Kültür insanı Bozkurt Güvenç Hocayı rahmetle anarken

Osman AROLAT
Osman AROLAT AROLAT'tan [email protected]

Kültür, eğitim ve değişim üzerine önemli makaleleri, çalışmaları, kitapları olan bilim insanı Bozkurt Güvenç, geçen hafta 92 yaşında aramızdan ayrıldı. Onu rahmet ve minnetle anarken, bir 12 Mart dönemi anısına değindim.

Bozkurt Hocayı kültür, eğitim, değişim üzerine makalelerini okuyarak tanıdım. Geçen yıl Efil Yayınevi’nin yeni dönemle ilgili öneriler toplantısı için gittiğim Ankara’da ilk kez karşılaştım. O zaman 91 yaşındaymış. Yaşını göstermiyordu. Duru, çözümleyici, katkı sağlayıcı anlatımıyla, tam beklediğim gibi bir aydın kişilikli kültür insanıydı. Geçen hafta kendisi aramızdan ayrıldı. Onu rahmetle ve minnetle anıyorum.

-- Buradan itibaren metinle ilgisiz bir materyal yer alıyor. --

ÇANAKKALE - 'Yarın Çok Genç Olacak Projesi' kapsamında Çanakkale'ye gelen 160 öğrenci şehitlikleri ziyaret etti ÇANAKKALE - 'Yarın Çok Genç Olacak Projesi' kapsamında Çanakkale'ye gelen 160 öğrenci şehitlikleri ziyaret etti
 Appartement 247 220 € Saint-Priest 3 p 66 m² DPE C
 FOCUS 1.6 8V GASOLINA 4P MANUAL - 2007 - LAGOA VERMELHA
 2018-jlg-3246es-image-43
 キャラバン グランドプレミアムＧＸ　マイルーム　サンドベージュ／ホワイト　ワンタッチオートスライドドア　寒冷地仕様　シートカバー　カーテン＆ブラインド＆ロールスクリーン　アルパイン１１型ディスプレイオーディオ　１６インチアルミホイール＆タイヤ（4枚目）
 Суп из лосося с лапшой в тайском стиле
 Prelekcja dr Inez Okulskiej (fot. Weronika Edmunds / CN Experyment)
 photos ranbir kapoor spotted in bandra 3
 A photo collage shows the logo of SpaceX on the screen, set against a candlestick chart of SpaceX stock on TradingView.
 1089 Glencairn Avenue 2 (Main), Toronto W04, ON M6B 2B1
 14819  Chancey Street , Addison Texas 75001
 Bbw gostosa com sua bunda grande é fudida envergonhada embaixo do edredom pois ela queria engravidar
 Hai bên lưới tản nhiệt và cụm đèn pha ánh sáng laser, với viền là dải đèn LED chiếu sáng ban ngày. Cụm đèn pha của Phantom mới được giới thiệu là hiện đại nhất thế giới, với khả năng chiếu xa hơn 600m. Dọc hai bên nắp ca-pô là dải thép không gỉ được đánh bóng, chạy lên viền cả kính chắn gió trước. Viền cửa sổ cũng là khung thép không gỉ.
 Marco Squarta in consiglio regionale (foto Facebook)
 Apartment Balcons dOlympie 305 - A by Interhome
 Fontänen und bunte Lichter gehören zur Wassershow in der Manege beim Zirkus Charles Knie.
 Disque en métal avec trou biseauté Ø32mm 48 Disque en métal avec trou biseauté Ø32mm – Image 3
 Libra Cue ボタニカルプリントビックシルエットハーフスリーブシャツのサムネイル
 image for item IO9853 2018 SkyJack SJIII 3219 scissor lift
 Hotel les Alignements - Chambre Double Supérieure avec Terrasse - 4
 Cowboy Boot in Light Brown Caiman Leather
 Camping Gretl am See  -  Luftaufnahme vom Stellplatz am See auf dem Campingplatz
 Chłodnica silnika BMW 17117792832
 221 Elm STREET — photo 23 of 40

Zaman zaman kültür, eğitim ve değişim konularında kitaplarına başvurarak onun yol göstericiliğine başvurarak birçok insan gibi birlikte olmayı sürdüreceğime inanıyorum.

Şimdi sözü Türkiye’deki her aydın gibi, başına gelen bir 12 Mart olumsuzluğunu anılarından aktararak, kendisini tekrar rahmetle anayım:

“Dört beş yılda kurduğumuz genç kadro bahar yarıyılında tasfiye edilmiş, kalanlara da gerekli gözdağı verilmişti. İşin şakaya gelir yanı yoktu.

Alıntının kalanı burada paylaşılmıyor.